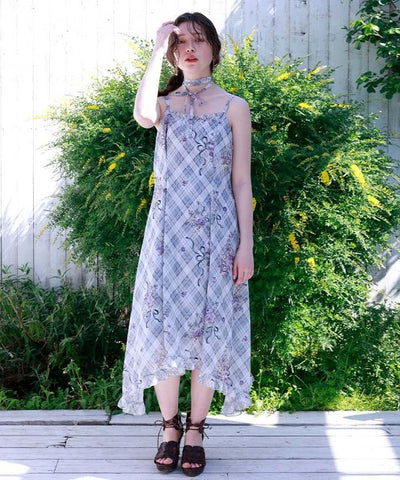 Rosy Plaid Camisole Dress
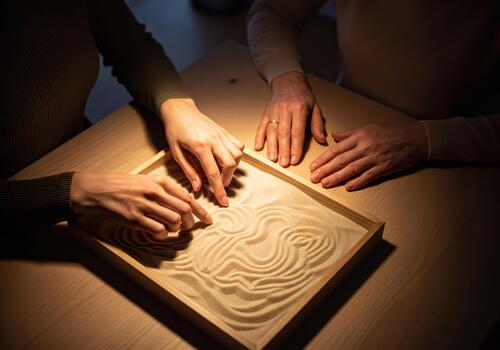 Hands of a man and woman creating soothing patterns in a calming zen garden sand tray. photo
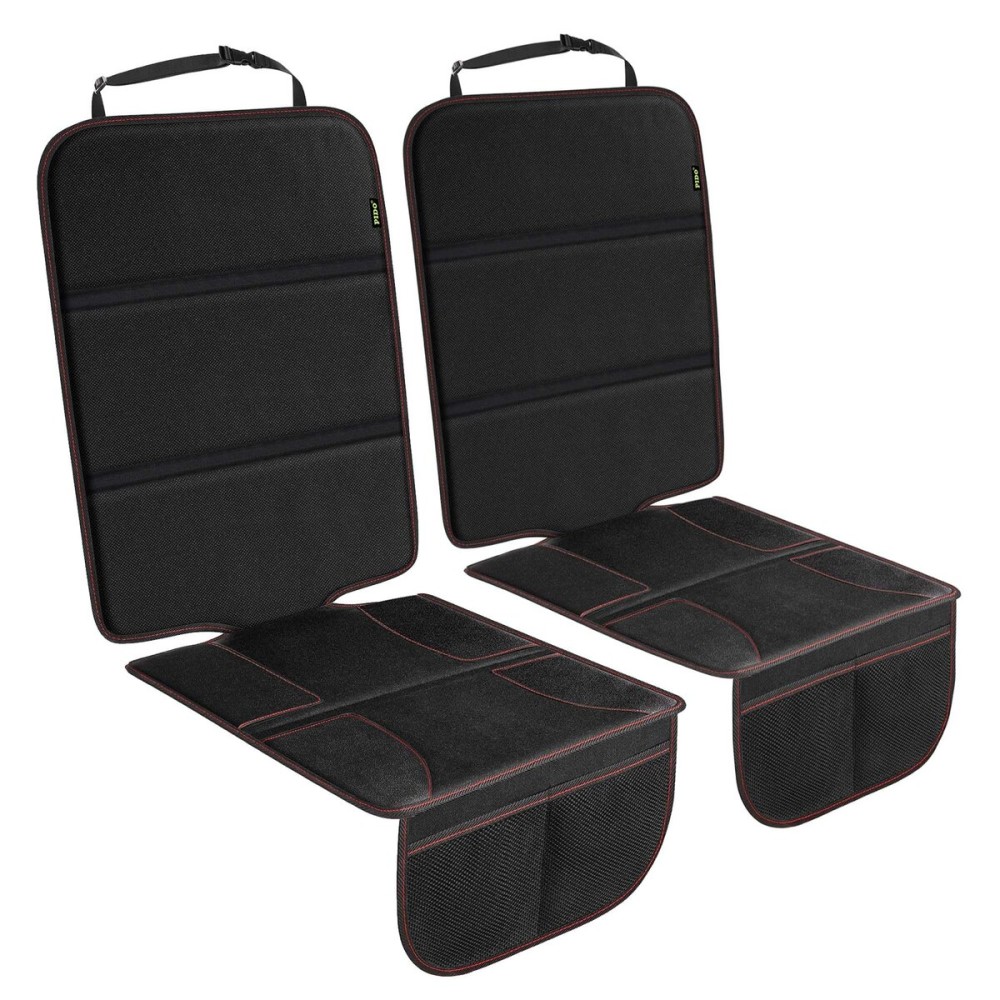 PIDO Car Seat Protector for Child Car Seat, 2 Pack Carseat Protectors with Thick Padding and Non-Slip Backing, Protective Cover Mat for Vehicle Leather Upholstery (Black/Red)
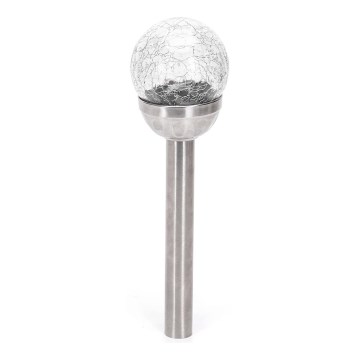Aigostar - LED Solar lamp LED/0,006W/1,2V 37,8cm mat chroom 6500K IP44
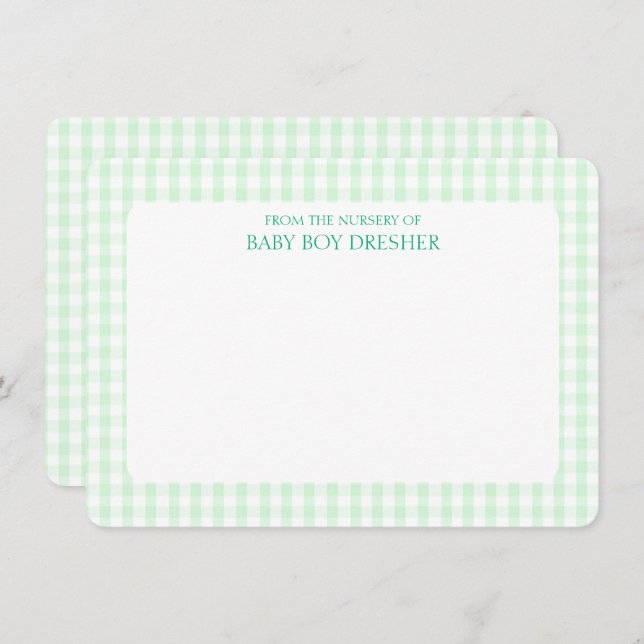 Green Gingham Personalized  Note Card (Front/Back)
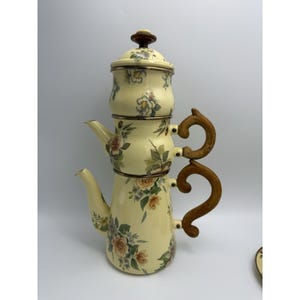 Vintage Victoria and Richard MacKenzie Childs Floral Enamelware Tea Set 12 Piece image 2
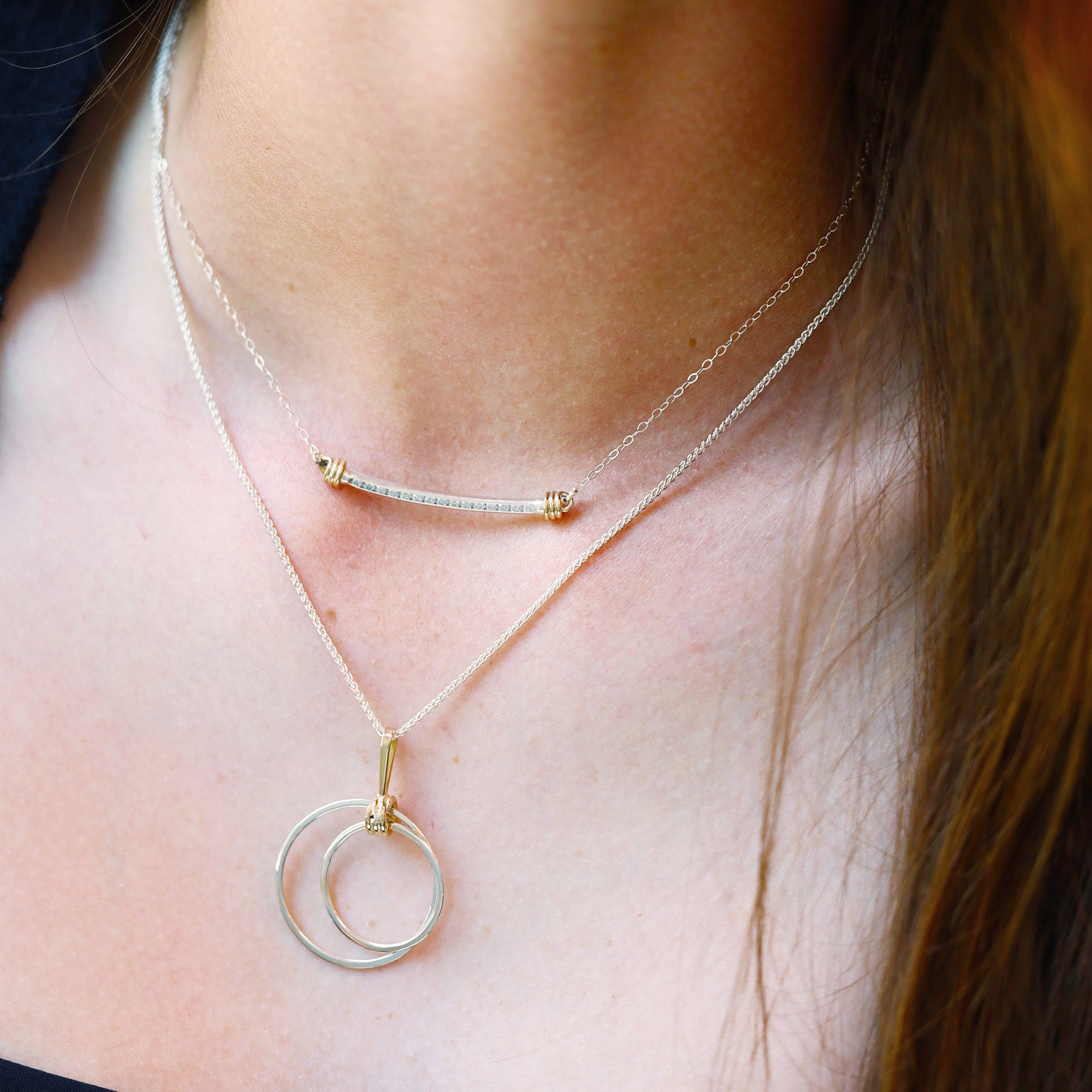 Diamond "Signature" Gold & Silver Necklace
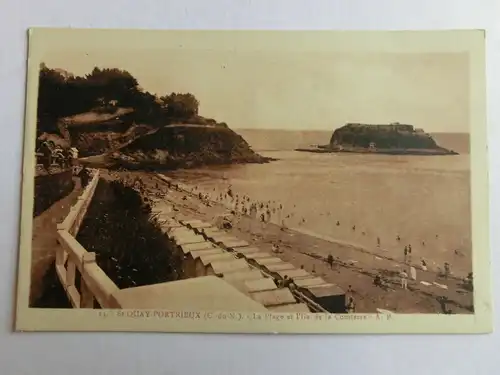 Alte AK Saint Quay Portrieux La Plage et l’Ile de la Comtesse [aM17]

* _WORK INSTRUCTIONS_
Reproduce, with the pictures omitted, exactly those lines that run from the line with "PIDO Car Seat" to the last line of the material, both ends included.

* _RESULT OF THIS EXERCISE_
 PIDO Car Seat Protector for Child Car Seat, 2 Pack Carseat Protectors with Thick Padding and Non-Slip Backing, Protective Cover Mat for Vehicle Leather Upholstery (Black/Red)
Aigostar - LED Solar lamp LED/0,006W/1,2V 37,8cm mat chroom 6500K IP44
 Green Gingham Personalized  Note Card (Front/Back)
 Vintage Victoria and Richard MacKenzie Childs Floral Enamelware Tea Set 12 Piece image 2
 Diamond "Signature" Gold & Silver Necklace
 Alte AK Saint Quay Portrieux La Plage et l’Ile de la Comtesse [aM17]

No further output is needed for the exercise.